Amidst a rapid decline in acreage over the past several years in Virginia, peanut growers have been approached with the proposition of expanding their peanut acreage through planting runner market-type peanuts.

Virginia producers who want to produce peanuts in 2006 and are not satisfied with the availability of Virginia market type contracts, have found themselves considering runner market type production.

The cause of the decline in Virginia market type acres has not only been due to a reduction in contract price following the loss of the quota system, but in the past several years there has been an over-supply of Virginia market type peanuts and contracts available have been very limited.

Meanwhile, the demand for runner market types has increased sharply since the mid-1990s and the demand for Virginia market types has been static. Even so, the demand for the super extra large Virginia market type peanut sold in the gourmet market outpaces the supply, although this is only a small fraction of the total volume of Virginia types harvested.

When asked about the feasibility of runner market type production in Virginia, my first response is that this needs to be considered on an individual farm basis. We do have a couple of producers who have successfully grown Georgia Green, the runner variety available for Virginia in 2006.

At Virginia Tech, our data on runners is limited. Pat Phipps, Virginia Tech plant pathologist, has examined the yield potential and disease susceptibility of runner-type peanuts for two years. While the relationship between yields of the two types of peanuts has been inconsistent, the Georgia Green and new runner market types offer improved tolerance to tomato spotted wilt virus relative to Virginia market types.

The new runner market types have Cylindrocladium black rot (CBR) resistance equal or better than Perry, which is the most resistant Virginia type commonly grown here. However the runner types are susceptible to Sclerotinia.

Another observation of runner market types in this research, whether due to genetics or just lack of deterioration from disease, is superior vine strength over many Virginia type varieties, including Perry, a Virginia market type recognized for its vine strength and partial resistance to Sclerotinia and early leaf spot.

In addition, Dennis Coker, Peanut Variety Quality Evaluation coordinator has conducted two years research on runner market type comparisons at multiple sites demonstrating the value of delaying runner harvest in this region.

As far as selecting which runner-type variety to grow in 2006, the answer is simple. Your three options are Georgia Green, Georgia Green, or if you don’t want those you can always grow Georgia Green.

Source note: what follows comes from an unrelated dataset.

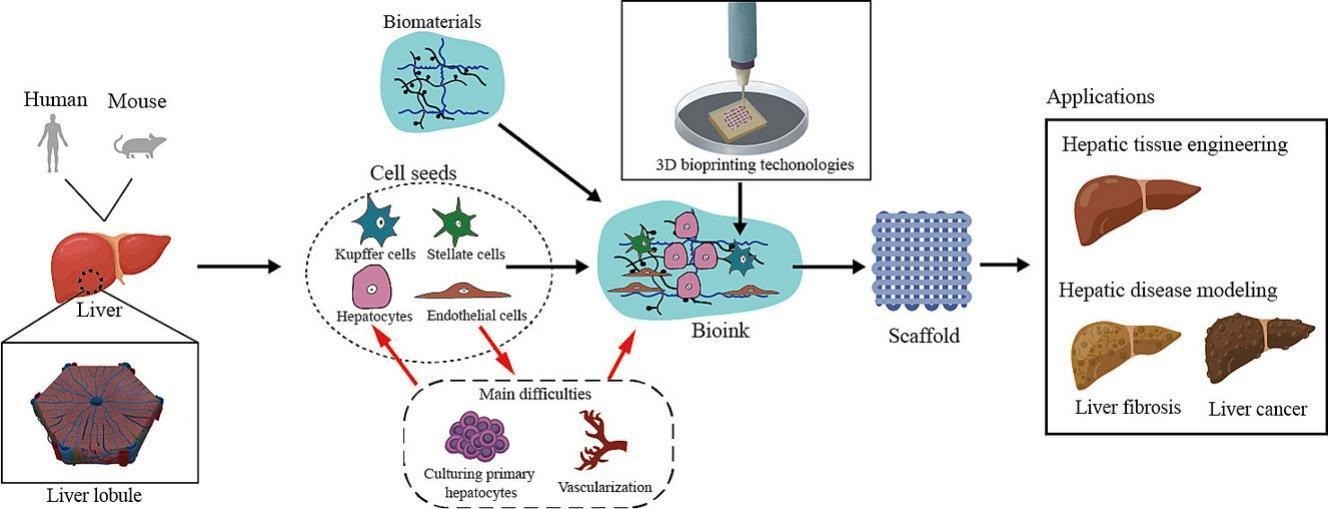 Figure 1. 3D bioprinted liver disease models.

The No. 1 question we have is, can runner-type peanuts fully mature in Virginia and we simply don’t have the data at Virginia Tech to answer that question. What we do know is data collected by Pat Phipps in 2004 and 2005, two warm seasons, runner market type peanuts have produced acceptable yields and grades. Pods were blasted to determine optimal digging and showed that some varieties were too late for the climate in Virginia. Because it represents only two years of testing, we are not confident in making maturity estimates.

David Jordan, North Carolina State University peanut specialist, also has contributed to the body of knowledge we are utilizing to help producers. Jordan put together a table (2006 Peanut Information for North Carolina, p. 33, http://www.peanuts.ncsu.edu/) based on 31 trials (1997-2005) to aid producers in comparing value of runner- and Virginia market type peanuts at different yield potentials and different contract prices.

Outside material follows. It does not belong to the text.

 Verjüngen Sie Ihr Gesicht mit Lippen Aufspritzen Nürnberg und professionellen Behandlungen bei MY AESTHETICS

Considerations when using this budget are that 1) both market types were dug on the same day in these trials, 2) gypsum rate was assumed to be half for the runners, 3) seeding rates were 140 and 100 pounds per acre for Virginia and runner-type, respectively, 4) seed costs were set at $0.70 per pound for both market types, and 5) pathogen control costs are not included in the budget.

Producers can adjust values based on their input costs to aid in decision making. Another consideration for Virginia producers is that the majority of these studies were conducted in southeastern North Carolina where the climate is typically warmer.

Hopefully, having runners as an option will be a way to keep producers in business doing what they truly enjoy and do well, and that is producing peanuts.